AWS Certificate Manager
AWS Certificate Managerはクラウド連携が強みで、AWS環境での自動発行・更新が容易です。AWS利用者にとって運用負荷を下げます。
認証局選択の重要なポイント
まずは認証タイプを確認する
SSL証明書は主に3タイプあります。ドメイン認証(DV)は発行が速く安価で、個人サイトやテスト用に向きます。企業認証(OV)は会社の情報確認が入るため、企業サイトや会員サイトに適します。EV認証は最も厳格で、ブラウザの住所表示領域に企業名が出る場合があり、信頼性を強くアピールできます。
信頼性とブランドを重視する理由
ブランド力のある大手認証局は、多くのブラウザや端末で確実に認識されます。取引先や利用者が証明書の信頼性を目にしたとき、安心感が生まれます。短期的なコスト削減のために知名度の低い業者を選ぶと、後で互換性や表示問題に直面することがあります。
サポートと価格のバランスを見る
廉価な証明書は価格が魅力ですが、サポートや保証が限定的な場合があります。発行・再発行の手続きやトラブル対応が早く確実かを確認してください。実務では、価格とサポートの両方を比較して選ぶと安心です。
実用的なチェックリスト
- 対応ブラウザ・端末の範囲を確認する
- ワイルドカードやマルチドメインの対応有無
- 発行速度と再発行の手続き
- サポート窓口(メール・電話・チャット)の有無
- 保証金額や利用規約の明確さ
上の点を基準に、自社の用途と予算に合った認証局を選んでください。
最新の動向:有効期限の短縮
概要
2025年4月11日のCA/Browser Forumの投票により、サーバー用SSL/TLS証明書の最大有効期間が段階的に短縮されることになりました。重要な日付は以下です。
- 2025年時点の最大有効期間:398日
- 2029年3月15日以降に発行される証明書の最大有効期間:47日
これにより、2029年には有効期間が約8分の1に短くなります。
影響と意義
短い有効期間は、鍵や証明書の露出リスクを減らし、セキュリティを高めます。一方で、更新頻度が増えるため運用負担が大きくなります。特に手動で更新している環境ではミスや証明書切れのリスクが高まります。
対応のポイント(実践例を含む)
- 自動更新の導入:ACME等の自動化仕組みを使うと安全かつ確実に更新できます。例:サーバーで自動スクリプトを動かす。

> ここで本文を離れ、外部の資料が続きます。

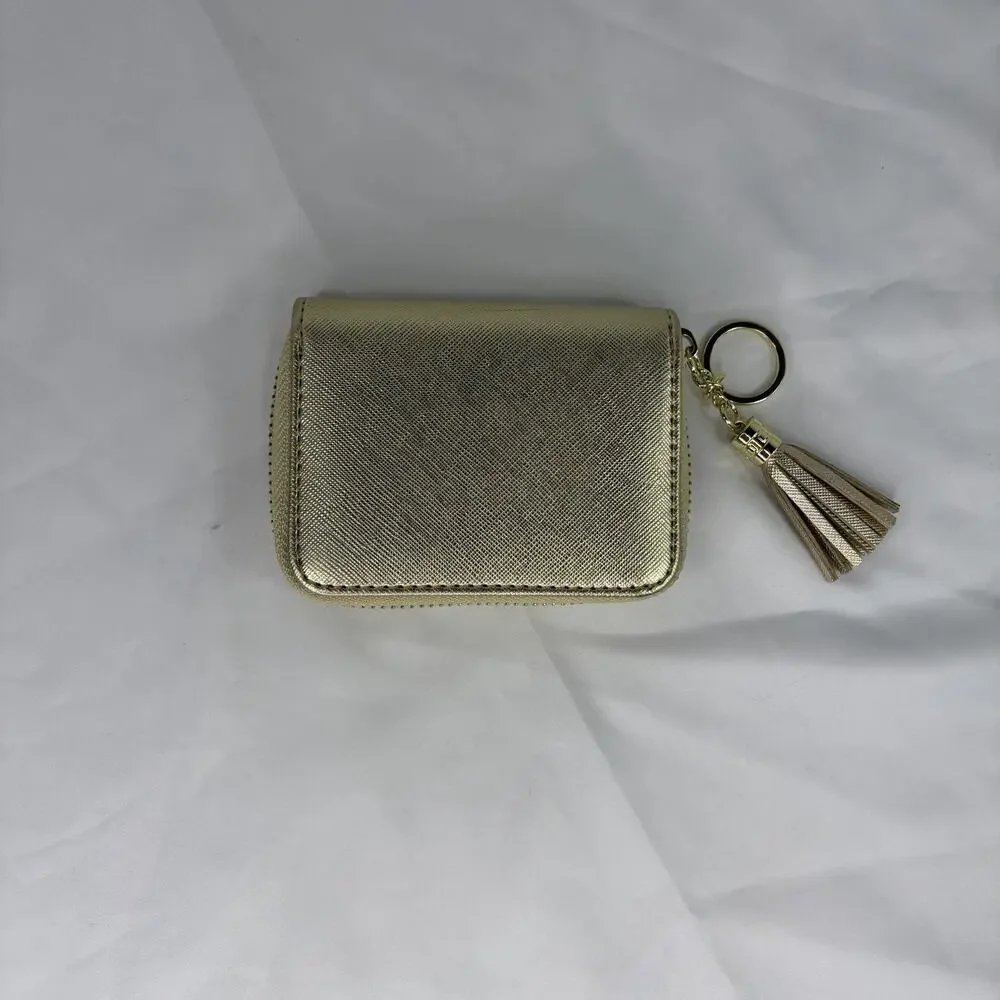Unbranded Metallic Gold Pleather Credit Card Holder Wallet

- 監視とアラート:有効期限を監視し、余裕を持って通知する設定にします。
- 発行プロセスの見直し:認証局(CA)ごとの対応方針を確認し、証明書発行の工程を短期運用に合わせます。
- テストとロールバック計画:更新失敗時に備え、事前にテストと復旧手順を整えます。
注意点
短縮は段階的に適用されます。したがって、早めに自動化や監視を整備しておくと安心です。